Frequently asked questions about the AEO checker

What exactly does this checker do?
It analyzes a public web page and reviews seven layers that matter for AI engines like ChatGPT, Perplexity and Gemini to cite you as a source. First layer: Schema.org structured data (Organization, FAQPage, Article, Service, LocalBusiness, BreadcrumbList, HowTo). Second: basic meta tags (title, description, Open Graph, hreflang). Third: semantic structure (single H1, heading hierarchy). Fourth: presence of detectable FAQ sections. Fifth: identification of the content author. Sixth: freshness signals (publication and modification dates). Seventh: correct robots configuration for AI bots. Each layer contributes to the final score from 0 to 100 with a weight according to its relevance for AEO.

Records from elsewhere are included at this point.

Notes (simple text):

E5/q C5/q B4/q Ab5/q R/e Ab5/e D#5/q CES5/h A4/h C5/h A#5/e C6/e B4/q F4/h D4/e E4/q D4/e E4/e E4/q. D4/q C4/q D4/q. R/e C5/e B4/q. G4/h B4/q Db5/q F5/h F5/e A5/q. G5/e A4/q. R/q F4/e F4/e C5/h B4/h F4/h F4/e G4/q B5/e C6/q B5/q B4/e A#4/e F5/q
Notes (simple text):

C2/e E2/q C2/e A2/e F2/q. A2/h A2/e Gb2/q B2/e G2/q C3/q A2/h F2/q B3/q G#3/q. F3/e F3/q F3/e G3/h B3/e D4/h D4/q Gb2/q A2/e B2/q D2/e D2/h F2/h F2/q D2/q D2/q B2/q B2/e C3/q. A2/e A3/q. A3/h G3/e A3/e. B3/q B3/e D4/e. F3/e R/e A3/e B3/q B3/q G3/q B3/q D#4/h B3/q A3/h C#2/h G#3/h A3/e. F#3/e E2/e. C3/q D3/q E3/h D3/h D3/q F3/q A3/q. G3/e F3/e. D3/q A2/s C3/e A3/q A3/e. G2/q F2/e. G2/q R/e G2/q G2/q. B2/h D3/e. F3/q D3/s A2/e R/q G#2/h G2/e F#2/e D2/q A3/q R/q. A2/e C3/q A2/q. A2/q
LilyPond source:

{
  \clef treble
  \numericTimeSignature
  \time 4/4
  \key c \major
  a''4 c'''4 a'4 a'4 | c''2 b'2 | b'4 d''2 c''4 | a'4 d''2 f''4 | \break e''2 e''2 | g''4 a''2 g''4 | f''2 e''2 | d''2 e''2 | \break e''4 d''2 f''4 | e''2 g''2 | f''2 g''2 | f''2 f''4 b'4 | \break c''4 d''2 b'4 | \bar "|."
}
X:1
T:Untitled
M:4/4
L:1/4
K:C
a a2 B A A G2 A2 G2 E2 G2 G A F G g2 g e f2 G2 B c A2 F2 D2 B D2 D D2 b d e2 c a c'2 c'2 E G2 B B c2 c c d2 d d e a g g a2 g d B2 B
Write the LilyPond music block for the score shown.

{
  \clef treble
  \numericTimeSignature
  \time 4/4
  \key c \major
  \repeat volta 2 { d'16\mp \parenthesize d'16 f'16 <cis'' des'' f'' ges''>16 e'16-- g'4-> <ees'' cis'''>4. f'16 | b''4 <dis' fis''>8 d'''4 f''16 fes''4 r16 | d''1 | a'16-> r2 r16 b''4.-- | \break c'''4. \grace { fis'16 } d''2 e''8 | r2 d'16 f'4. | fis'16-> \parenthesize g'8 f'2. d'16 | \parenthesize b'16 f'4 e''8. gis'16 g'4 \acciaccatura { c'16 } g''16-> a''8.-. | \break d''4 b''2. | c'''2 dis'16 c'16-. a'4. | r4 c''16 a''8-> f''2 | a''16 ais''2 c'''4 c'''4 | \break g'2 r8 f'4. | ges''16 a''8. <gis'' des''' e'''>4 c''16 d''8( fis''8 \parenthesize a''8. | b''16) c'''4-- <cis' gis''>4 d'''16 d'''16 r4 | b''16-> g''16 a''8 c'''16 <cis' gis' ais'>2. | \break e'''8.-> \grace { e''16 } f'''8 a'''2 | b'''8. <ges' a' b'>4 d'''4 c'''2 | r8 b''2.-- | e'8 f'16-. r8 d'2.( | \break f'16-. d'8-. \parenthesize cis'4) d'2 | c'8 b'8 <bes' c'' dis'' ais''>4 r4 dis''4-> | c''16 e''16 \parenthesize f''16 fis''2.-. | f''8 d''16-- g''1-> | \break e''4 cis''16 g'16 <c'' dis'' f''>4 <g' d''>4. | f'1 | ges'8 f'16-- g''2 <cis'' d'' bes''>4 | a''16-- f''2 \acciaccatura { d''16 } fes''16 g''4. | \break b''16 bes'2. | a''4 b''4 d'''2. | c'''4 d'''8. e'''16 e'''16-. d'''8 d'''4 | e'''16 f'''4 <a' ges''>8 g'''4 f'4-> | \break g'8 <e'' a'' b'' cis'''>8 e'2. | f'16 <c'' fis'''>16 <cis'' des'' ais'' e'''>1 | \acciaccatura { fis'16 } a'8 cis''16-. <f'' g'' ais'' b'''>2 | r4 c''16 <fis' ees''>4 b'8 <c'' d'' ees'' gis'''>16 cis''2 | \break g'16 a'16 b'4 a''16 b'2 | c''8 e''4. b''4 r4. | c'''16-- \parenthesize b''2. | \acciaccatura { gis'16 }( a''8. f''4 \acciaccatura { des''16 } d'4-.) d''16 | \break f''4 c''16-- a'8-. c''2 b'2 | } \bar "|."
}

Why can it sometimes not analyze a site?
Because of a technical restriction called CORS (Cross-Origin Resource Sharing). Some sites block external browsers from accessing their HTML, which is perfectly legitimate but prevents this tool from reading their content. When that happens, we try a free proxy as a fallback. If both methods fail, the tool tells you honestly. The good news is that most public sites do not have this block and can be analyzed without a problem. If your own site fails repeatedly, it is a good idea to review your CORS header configuration because it may also be limiting legitimate bots.
Does the tool save the URLs I analyze?
No. The analysis happens in your browser. When we use a fallback proxy, that proxy processes the request but we have no visibility into its logs (they are free public services). In any case, we do not store your analysis history on our servers, we do not associate the analyzed URLs with your identity, and we do not use the data for anything beyond showing you the result on screen. The privacy of the analysis is by technical design.
What score is considered good and what is worrying?
The score goes from 0 to 100 and is interpreted by ranges. Above 80, the site is well prepared to be cited by AI engines in technical terms; the quality of the content still needs to be evaluated separately. Between 60 and 80, there is an acceptable base but it is worth reinforcing some specific layers the tool will indicate. Between 40 and 60, there are important gaps blocking or limiting citability; it requires work. Below 40, the site is essentially invisible to AI engines for technical reasons and needs intervention before any content strategy makes sense. The technical score is necessary but not sufficient: a site with 90 but empty content will not be cited either, just as a site with 30 and excellent content hardly will be.
Does this checker replace a professional AEO audit?
No, and it is honest to say so. This tool covers the automatable technical checks: what a script can read from the HTML and the response headers. A professional AEO audit also includes critical reading of the content (writing quality, depth, clarity of entities), competitive analysis in the specific sector, real measurement with prompts in AI engines, evaluation of external mentions and backlinks, and the design of a prioritized action plan. The tool is excellent as a first filter and as a progress check, but it does not substitute the expert human eye. For companies with a low score that do not know where to start, a professional audit is worth what it costs; for sites with a high score that want to fine-tune details, the tool may be enough.
How often should I re-check my site?
Ideally after any significant technical change and at least once a quarter as a routine. After changes: when you publish important new pages, refactor the architecture, change the content management system, or adjust technical configuration. As a quarterly routine: even without deliberate changes, websites lose technical integrity over time (plugins update, schemas break, content ages without a refresh). A quarterly check detects regressions in time. The tool is free precisely so that this routine is sustainable at no cost.